I am currently facing a dilemma when switching to 8.0.  Heres my situation:

I installed FreeBSD 8.0 and downloaded xorg and kde4.  My graphics card is an Nvidia 9500 GT which has multiple drivers supporting FreeBSD on their website.  I downloaded all of them (you will see why shortly) and tried to install them.  I received an error message saying that the driver was not supported by the FreeBSD 8.x-Generic kernel (hence why I downloaded all of them, hoping to find one that was...)  Considering that 'uname -a' yields FreeBSD 8.0-current I thought this was odd.  Anyhow, unable to install the proper drivers I installed PcBSD 8.0 which comes packaged with one of the same drivers that I downloaded above (195.22 to be exact)  I am not sure what they did to get it working, but if I knew that then I would gladly install FreeBSD and run with that.  In any case I currently have PcBSD installed right now.  Which brings me to the second part of my dilemma.  It seems that I am unable to escalate privileges in KDE, I am able to use 'sudo' in single user mode as well as using 'ctrl + alt + f2'  Just not while running KDE (including GUI apps that prompt for your password) 

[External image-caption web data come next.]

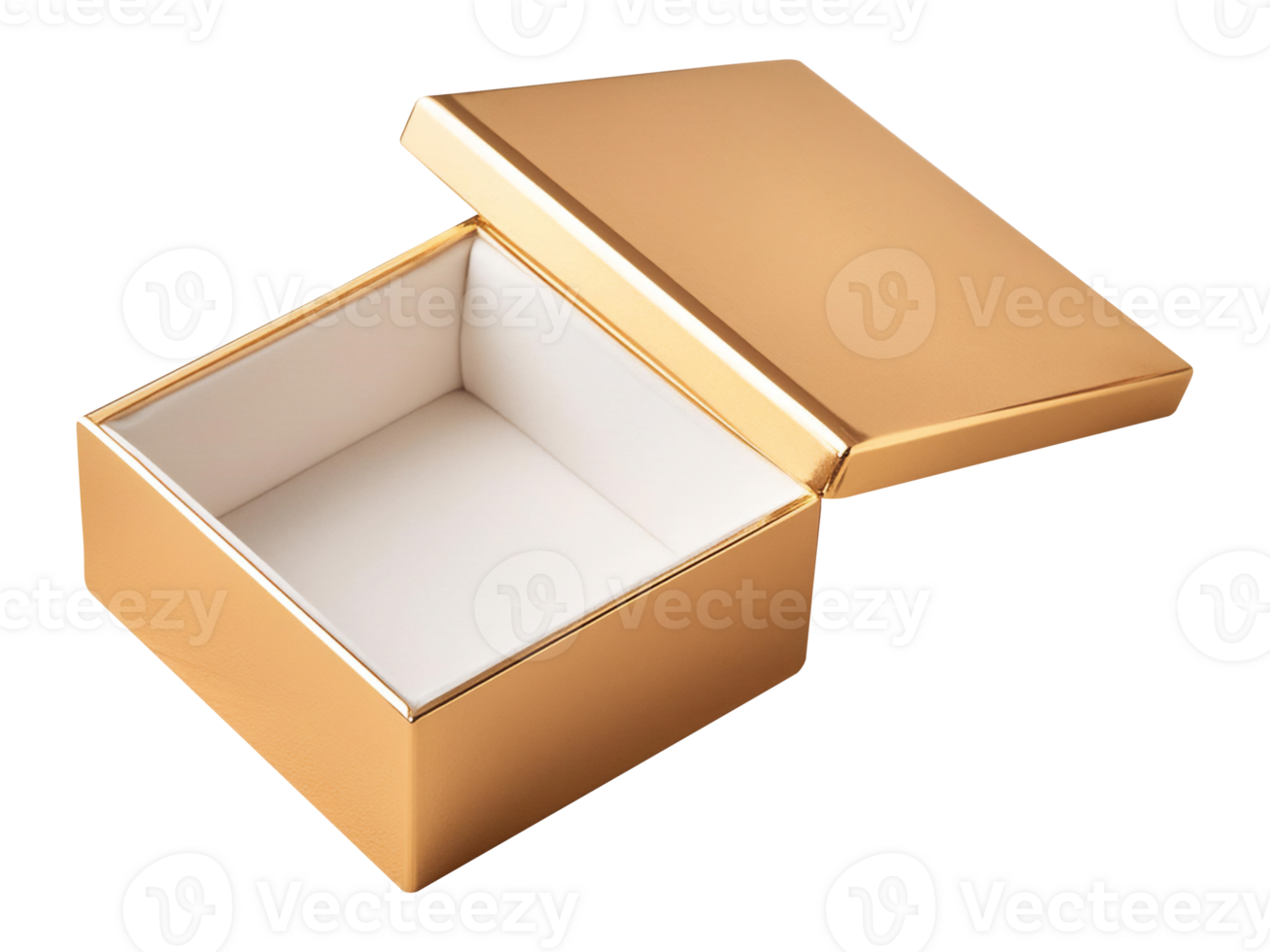Open jewelry box on table, mockup template. Luxury package for expensive gift, engagement gold ring, diamond. Wedding, romantic concept. png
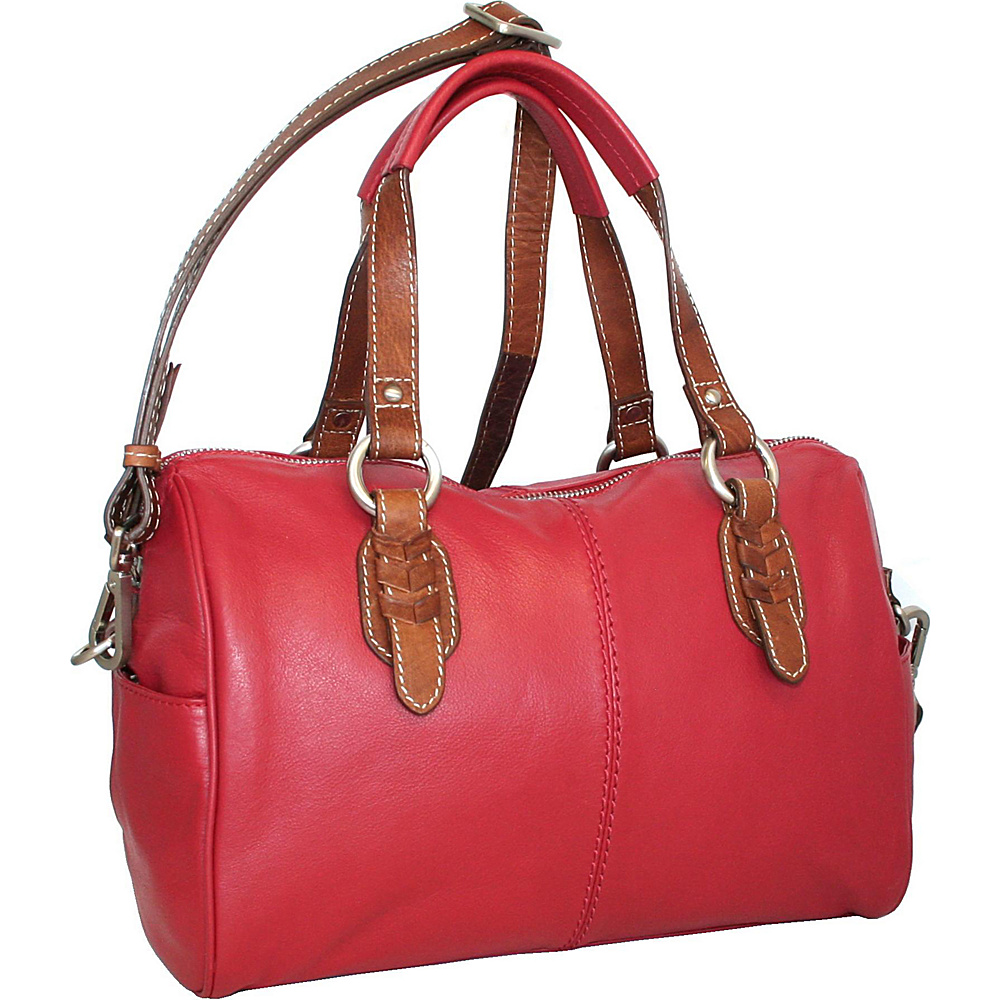 Nino Bossi Over a Barrel Satchel Red Nino Bossi Leather Handbags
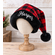 Buffalo Plaid Black Fur Santa Hat for Toddler Kids - Kids Personalized Name Santa Hat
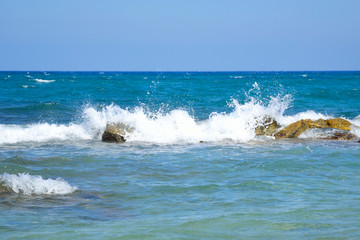 Blue sky and seascape.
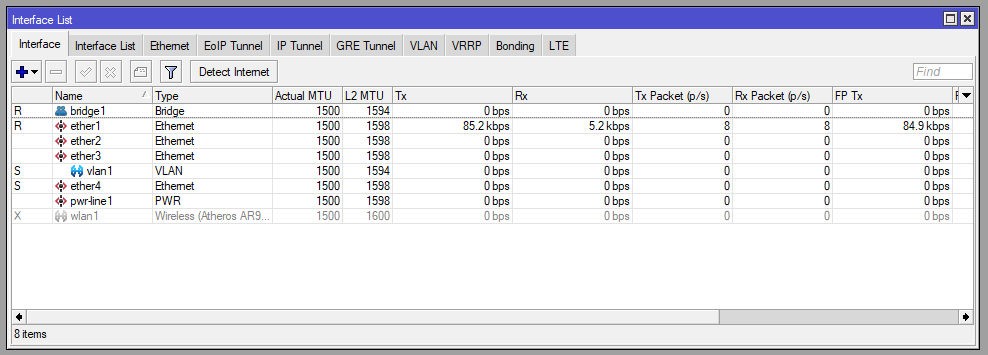 interface mikrotik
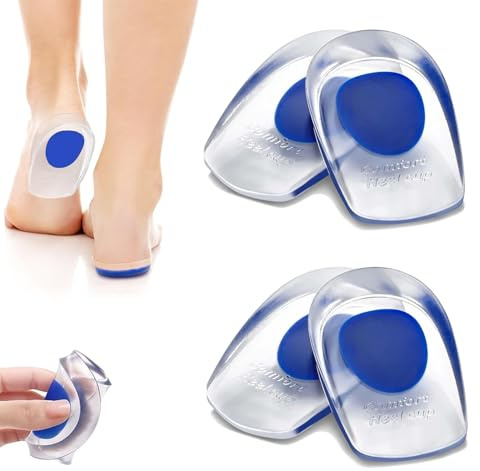 2 Pairs Silicone Gel Heel Cups for Foot Pain Relief, Plantar Fasciitis Support, Cushion Pads for Heel Spurs, Achilles Pain & Fatigue (UK 4-7/EU 35-39)(Blue)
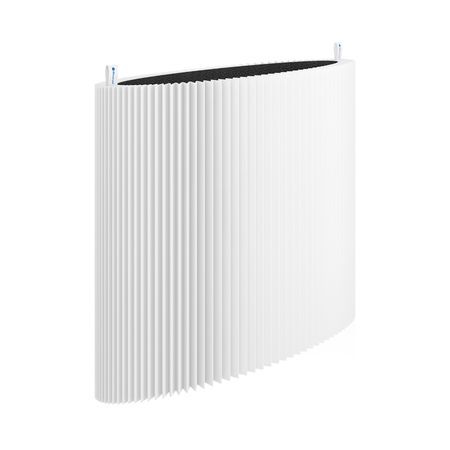 Gebogener Filter mit weißem, gefaltetem Material. Schwarze Oberseite. Blaue Halterungen.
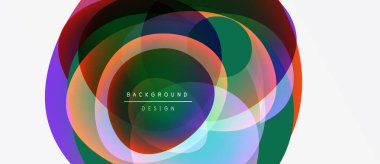 Soyut renkli daireler çakışıyor, dinamik görsel efekt yaratıyor. Beyaz alan, canlı renkleri vurgulayarak tasarımın etrafını sarar. Modern, sanatsal sunum.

If anyone has any information on either issues I am facing please let me know.  Thanks in advance.


----------



## z662 (Feb 27, 2010)

Interestingly enough the whole issue I am having with PcBSD and KDE comes down to the fact that my caps lock key is not working in KDE.  I have enabled dbus and hald in my rc.conf file, does anyone know how to enable caps lock?


----------



## graudeejs (Feb 27, 2010)

did you try to install x11/nvidia/driver?

To be root you can use su if you're in wheel group. When you install sudo, you need to configure it using `# visudo` as root before you can use it as normal user.

About caps key - I have no idea, but if it's not turned, on then you don't have much to worry about. If it was on always, then it could be very annoying to hold shift all the time


----------



## jims (Feb 27, 2010)

are you running 8.0 i386 or AMD64?

on i386, I've had no problems with x11/nvidia-driver
on AMD64, I use (link can be found on the nvnews boards - remember to switch to binary mode):
ftp://download.nvidia.org/XFree86/FreeBSD-x86_64/195.22/NVIDIA-FreeBSD-x86_64-195.22.tar.gz


----------



## z662 (Feb 27, 2010)

I am on i386, my system is AMD64 but I always just install 32 bit because at some point or another I always seem to run into an issue with lack of support for 64 bit.  I did not try that driver, that was rather foolish of me.  I am going to wipe my system and re install FreeBSD   Hopefully that driver will be work with my card.  I will post back my results.


----------



## z662 (Feb 27, 2010)

Everything worked fine!  Thanks for pointing that out about the driver, I made a not to not forget that in the future.


----------